(DATA PROVIDED):
=-=-=-=-=
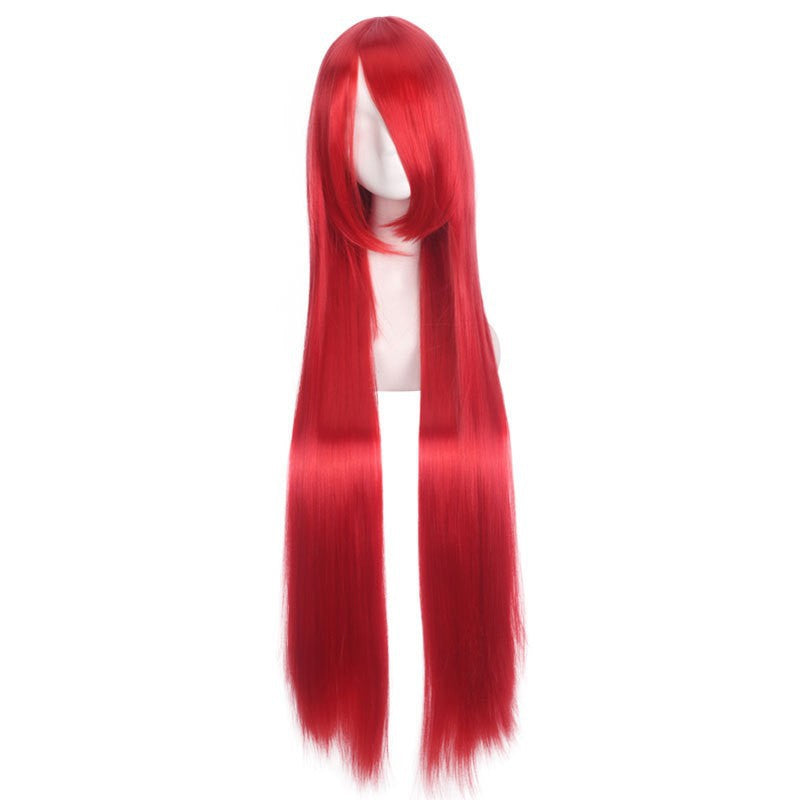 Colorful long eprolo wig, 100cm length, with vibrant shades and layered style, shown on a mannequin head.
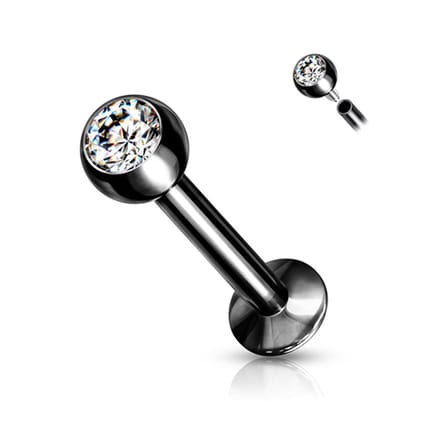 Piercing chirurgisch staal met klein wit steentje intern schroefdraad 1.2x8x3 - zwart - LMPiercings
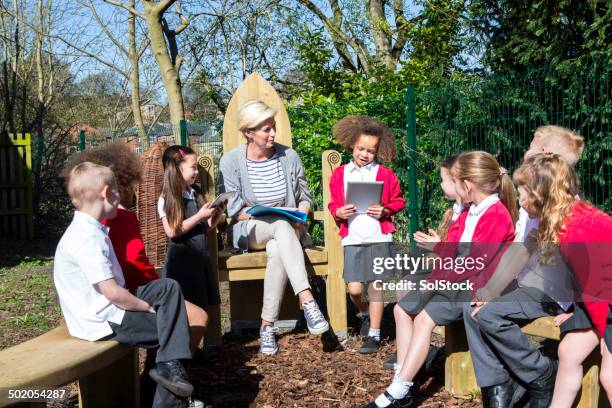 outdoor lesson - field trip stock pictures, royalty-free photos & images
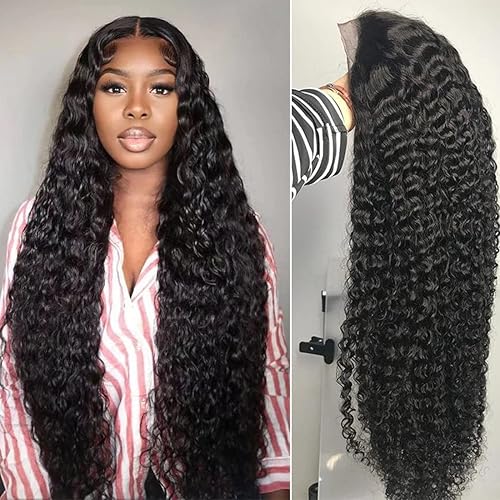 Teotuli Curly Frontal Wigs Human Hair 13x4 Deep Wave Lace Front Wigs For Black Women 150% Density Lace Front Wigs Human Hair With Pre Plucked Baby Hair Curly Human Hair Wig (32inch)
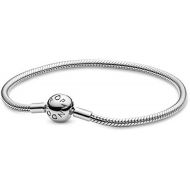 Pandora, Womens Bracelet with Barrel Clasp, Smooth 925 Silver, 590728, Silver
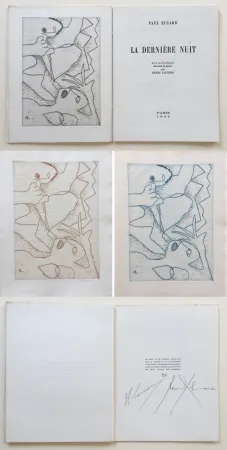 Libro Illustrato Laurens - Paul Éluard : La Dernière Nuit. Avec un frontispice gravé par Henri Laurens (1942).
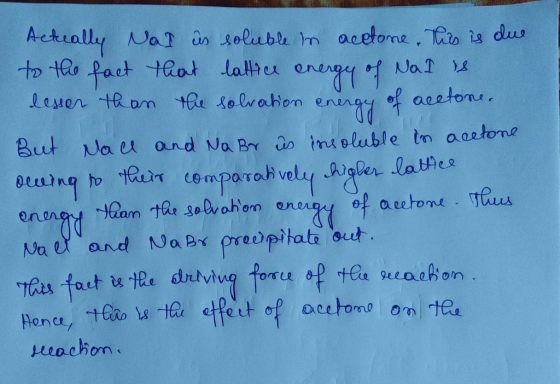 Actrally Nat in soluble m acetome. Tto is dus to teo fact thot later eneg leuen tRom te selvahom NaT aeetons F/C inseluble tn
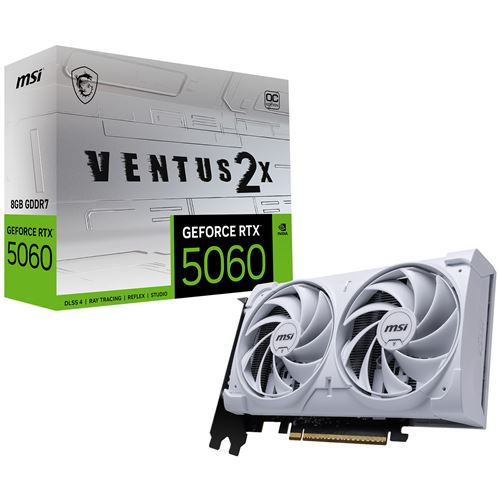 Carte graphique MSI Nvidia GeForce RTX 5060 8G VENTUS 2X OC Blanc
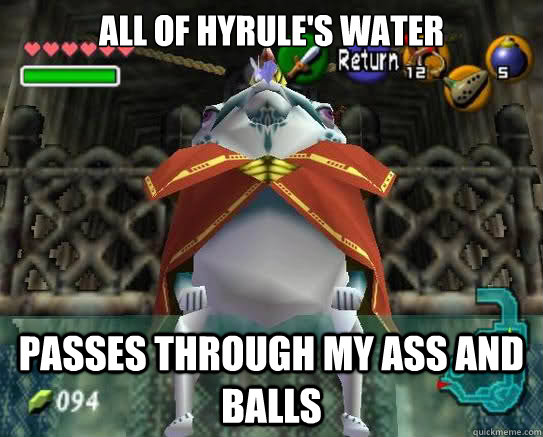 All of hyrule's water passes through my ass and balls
=-=-=-=-=
(WORK INSTRUCTIONS):
Extract the lines beginning with the one that contains "Carte graphique MSI" and ending with the last line of the listing. Keep them exact and drop the pictures.

(COMPLETED EXERCISE):
 Carte graphique MSI Nvidia GeForce RTX 5060 8G VENTUS 2X OC Blanc
 All of hyrule's water passes through my ass and balls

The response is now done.